A concordance is a table that tells how often a word appears in a text (or where in a text it appears; but I will not be using this definition). This library instead will:
- Read a UTF-8 text, which can contain elements such as punctuation.
- Count the frequency of words in the text
- Sort the words either alphabetically or by frequency
- Return and/or print the words and their corresponding frequency
The ordering:
- Alphabetical - Will sort the words based on the locale provided.
- By Frequency - Will sort from the most frequent to the least frequent.

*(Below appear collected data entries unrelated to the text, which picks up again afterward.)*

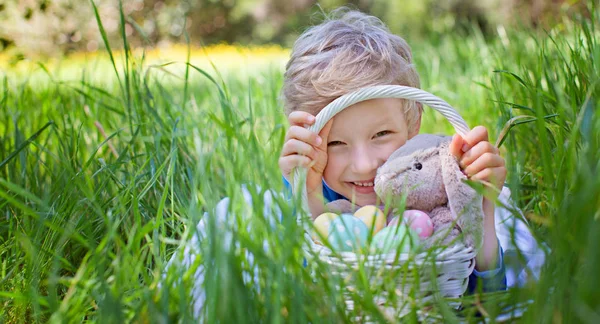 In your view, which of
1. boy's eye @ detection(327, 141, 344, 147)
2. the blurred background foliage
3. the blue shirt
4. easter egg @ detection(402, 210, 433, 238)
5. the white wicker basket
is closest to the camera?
the white wicker basket

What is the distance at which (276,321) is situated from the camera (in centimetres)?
83

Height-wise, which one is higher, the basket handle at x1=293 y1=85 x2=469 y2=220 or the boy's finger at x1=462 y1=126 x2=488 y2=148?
the basket handle at x1=293 y1=85 x2=469 y2=220

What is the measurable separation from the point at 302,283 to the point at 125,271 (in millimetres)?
329

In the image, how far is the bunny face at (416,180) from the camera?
1426mm

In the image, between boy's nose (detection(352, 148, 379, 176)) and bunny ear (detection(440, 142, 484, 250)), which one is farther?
boy's nose (detection(352, 148, 379, 176))

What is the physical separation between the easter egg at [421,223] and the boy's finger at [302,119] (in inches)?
13.6

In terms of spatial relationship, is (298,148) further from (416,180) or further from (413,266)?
(413,266)

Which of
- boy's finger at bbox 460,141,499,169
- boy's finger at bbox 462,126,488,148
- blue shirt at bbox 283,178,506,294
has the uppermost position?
boy's finger at bbox 462,126,488,148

If two words have the same frequency, they will be sorted alphabetically.
** Features **
- All languages supported by UTF-8 can be used with this Concordance.
- The concordance will sort the words based on the locale provided.

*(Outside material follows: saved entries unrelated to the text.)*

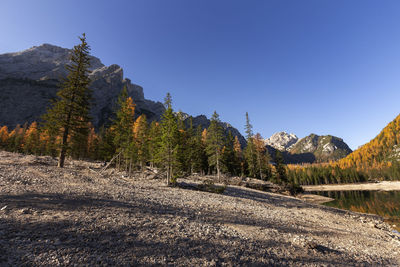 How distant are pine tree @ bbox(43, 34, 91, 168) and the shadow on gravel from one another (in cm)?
1461

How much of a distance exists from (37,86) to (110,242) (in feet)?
612

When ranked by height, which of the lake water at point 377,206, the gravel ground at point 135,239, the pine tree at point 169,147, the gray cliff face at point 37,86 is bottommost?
the lake water at point 377,206

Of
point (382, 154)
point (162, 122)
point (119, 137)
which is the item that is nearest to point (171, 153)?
point (162, 122)

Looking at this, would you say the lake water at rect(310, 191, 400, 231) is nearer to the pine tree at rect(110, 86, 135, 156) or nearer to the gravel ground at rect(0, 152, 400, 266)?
the gravel ground at rect(0, 152, 400, 266)

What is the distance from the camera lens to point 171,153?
21156 millimetres

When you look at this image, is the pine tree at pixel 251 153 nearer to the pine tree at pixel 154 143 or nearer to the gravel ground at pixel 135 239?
the pine tree at pixel 154 143

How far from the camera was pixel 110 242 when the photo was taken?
5367 millimetres

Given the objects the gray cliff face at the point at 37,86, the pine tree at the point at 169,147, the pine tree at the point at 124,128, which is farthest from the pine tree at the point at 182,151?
the gray cliff face at the point at 37,86

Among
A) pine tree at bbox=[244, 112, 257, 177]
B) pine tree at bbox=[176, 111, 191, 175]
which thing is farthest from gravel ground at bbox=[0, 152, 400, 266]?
pine tree at bbox=[244, 112, 257, 177]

- All UTF-8 characters supported even those after the BMP.
- This concordance takes in a java.io.Reader, which means the library can parse anything from text files http streams.

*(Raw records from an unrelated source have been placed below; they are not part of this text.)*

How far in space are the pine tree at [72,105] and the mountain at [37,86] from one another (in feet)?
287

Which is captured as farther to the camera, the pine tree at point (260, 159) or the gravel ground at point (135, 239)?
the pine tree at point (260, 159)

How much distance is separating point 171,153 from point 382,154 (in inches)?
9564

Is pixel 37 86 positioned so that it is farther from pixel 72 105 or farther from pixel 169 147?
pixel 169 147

** Internal Improvements **
- Migrate to a multithreaded implementation
- Utilize MutableInt for HashMap to improve write times for already existing words
- Optimize unicode character checking
** Unsupported Features**
- Currently, apostophes and hyphenated english words will be broken at the punctiation mark. This is because the library is designed to work with all languages supported with UTF-8.
Java version at least 1.8.0_31 to use the library. Junit 4.12 to run the unit tests.
You will need Junit in order to run the tests. As of writing this, the test successfully compile and run with Junit 4.12.
There are two test suites and 8 test files.
- Unit Tests - Tests the public functions using various input from upper unicode values (above BMP) to various languages and their punctiaton.
- Stress Tests - Tests are library against large files with a large breadth of words and a large set of repeating words.
- Spencer Reeves - Initial work
This project is licensed under the MIT License.